Data provided ::
*** Begin section ***
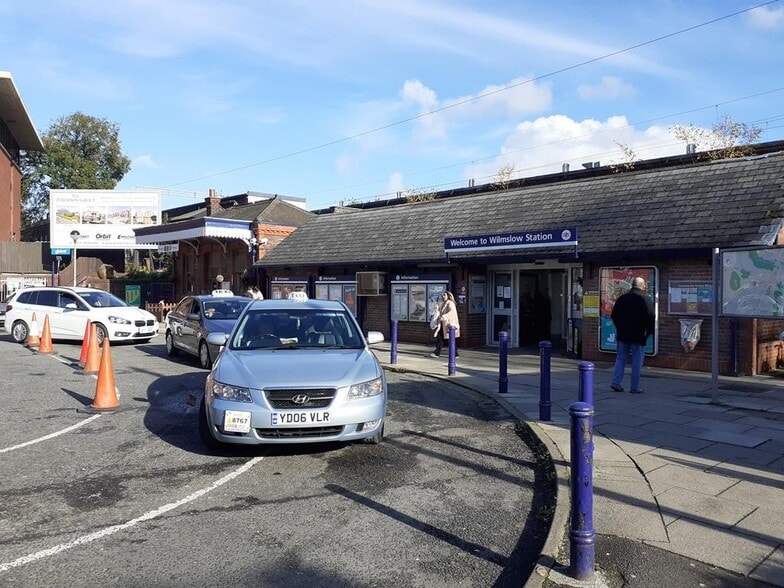 Station Rd, Wilmslow à louer - Photo du bâtiment - Image 2 de 8
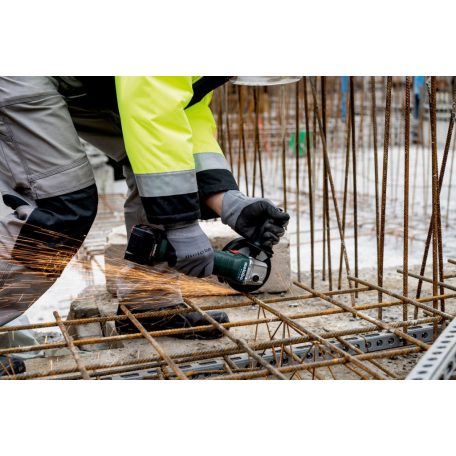 W 18 L 9-125 Quick Akkus sarokcsiszoló, W 18 L 9-125 Quick, Szerszám nélkül állítható védőburkolat; elfordulásbiztosan rögzíthető, Robusztus akkus sarokcsiszoló erős motorral és karcsú szerkezettel az univerzális alkalmazáshoz
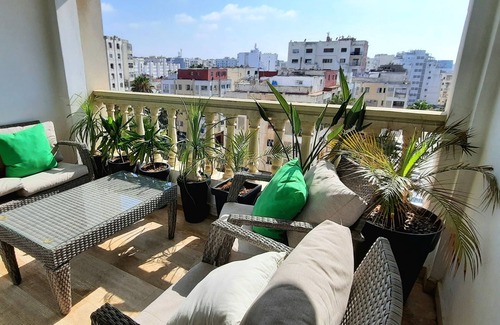 Gauthier Apartment | Spacious apartment with sea view, Wi-Fi Fibre -centre Casablanca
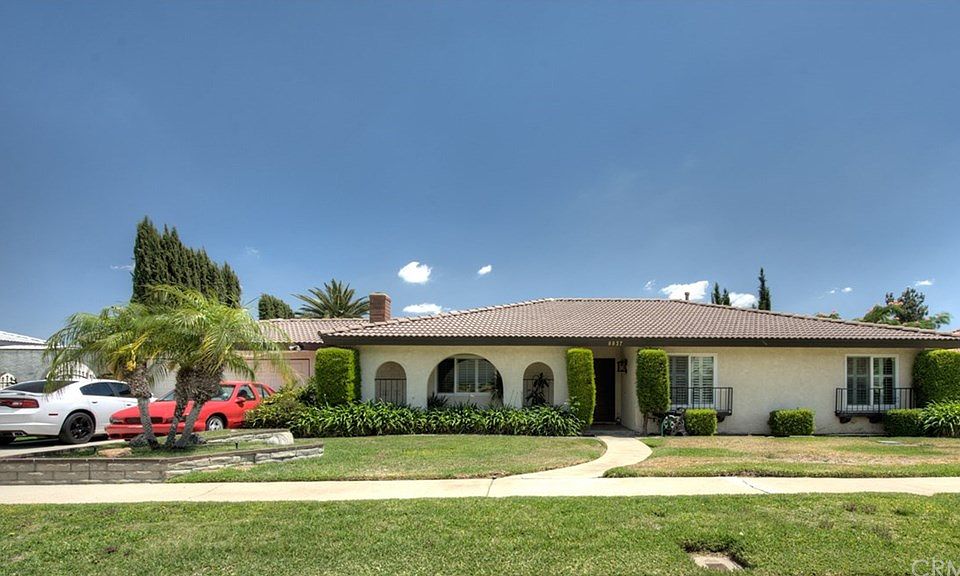 1st image of 8837 Beechwood Dr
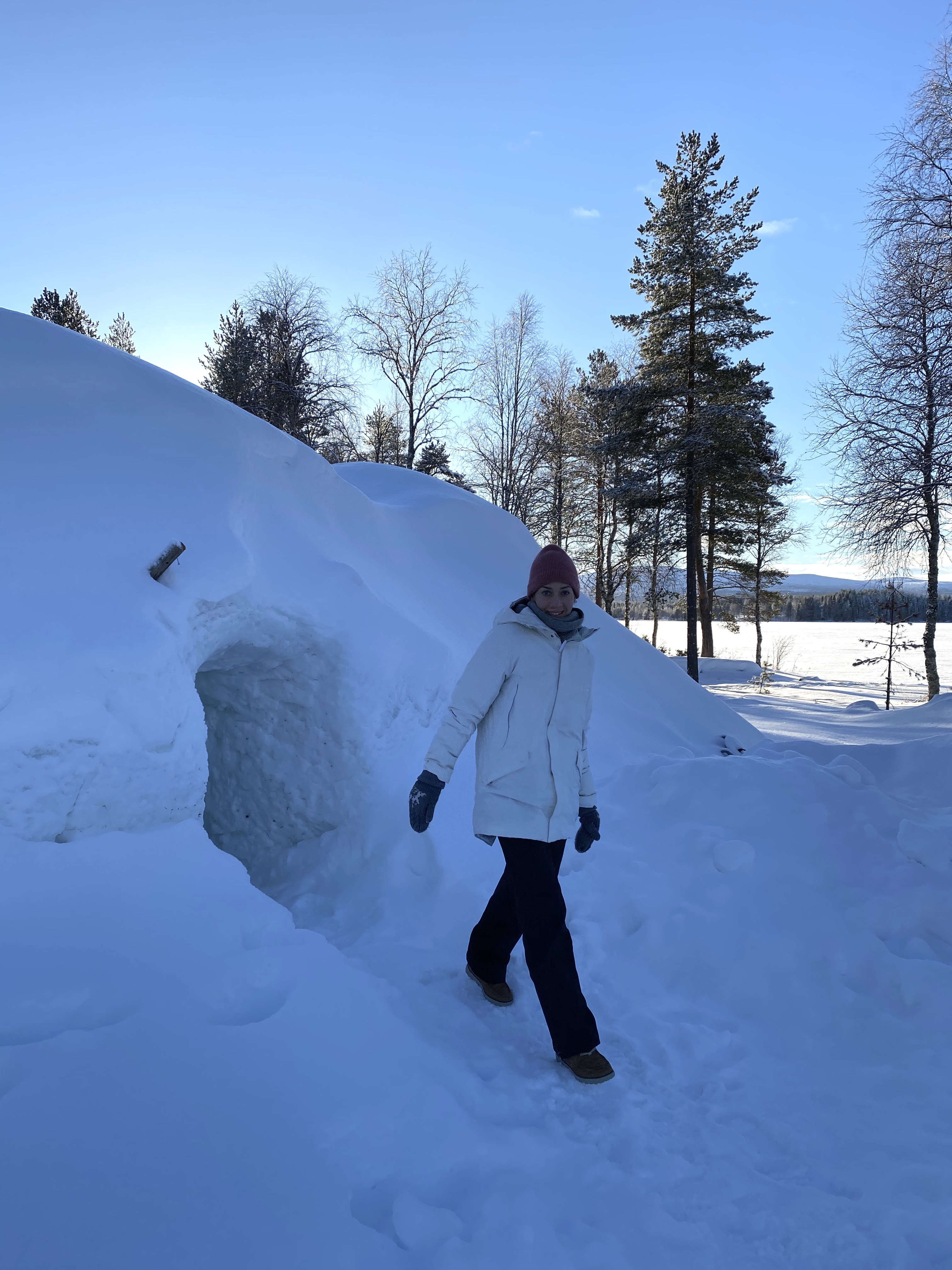 spanie w igloo, śnieg, Laponia, Finlandia, Koło podbiegunowe, Kolorowe Bogate Soczyste, podróże,kobieca energia, relacje, rozwój osobisty, Malvina Dunder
*** End section ***
Action item :: Skip the pictures and quote each line of the entries above, from the first through the line with "W 18 L 9-125 Quick Akkus", exactly as it appears.

Task result ::
 Station Rd, Wilmslow à louer - Photo du bâtiment - Image 2 de 8
 W 18 L 9-125 Quick Akkus sarokcsiszoló, W 18 L 9-125 Quick, Szerszám nélkül állítható védőburkolat; elfordulásbiztosan rögzíthető, Robusztus akkus sarokcsiszoló erős motorral és karcsú szerkezettel az univerzális alkalmazáshoz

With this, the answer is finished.